I might say that the intensity of effort the Right is expending on discrediting these documents certainly indicates that, for whatever reasons, the right considers them very important.
Should be taken in account. Why? I suspect we may actually be going beyond electoral politics here, and into courtrooms.

1) Is Bush still criminally liable?
2) Were document files cleansed in the 90's, under whose direction, with criminal liability extending into the Texas Governor's Office? Do these documents offer proof that files were intentionally cleansed?
3) Are there more, and more serious, documents forthcoming that need to be pre-emptively discredited?
4) And if MY doesn't understand the importance of physical evidence vs testimony, he needs to watch Court TV or have a talk with Jeralyn.

I think the key point is that the authenticity of the Killian memos is now sufficiently in dispute that few swing voters will use them as the basis for deciding anything. (If they were willing to spend much effort sifting through competing claims, they wouldn't be swing voters, would they?)

Like Matt, I also think that since Bush has been president for four years, events earlier in his life are much less relevant to voters than they are for a relative blank slate (to the typical, not especially well-informed voter) like Kerry.

But if a voter was conflicted over Bush's performance in office, and some of this conflict was attributable to questions of character (e.g., how consciously did he lie us into war with Iraq), then I can see how clear proof of a dishonorable act like refusing an order in the National Guard might push him or her into the Kerry column. Hence the importance for the GOP of clouding the issue.

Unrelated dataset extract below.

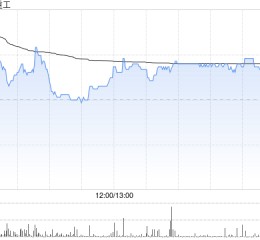 三一重工获UBS Group AG增持7.06万股 每股作价约22.71港元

events earlier in his life are much less relevant to voters

...except that this type of event is an unbroken pattern in l'il shrubbies life: AWOL, cocaine, alcohol, insider trading (Harken), political smears (McCain, Cleland, Kerry), invading foreign sovereigns on unproven assertions ... the list goes on. Maybe it requires too many synaptic passes for the voter to get this, but it's probably worth a try.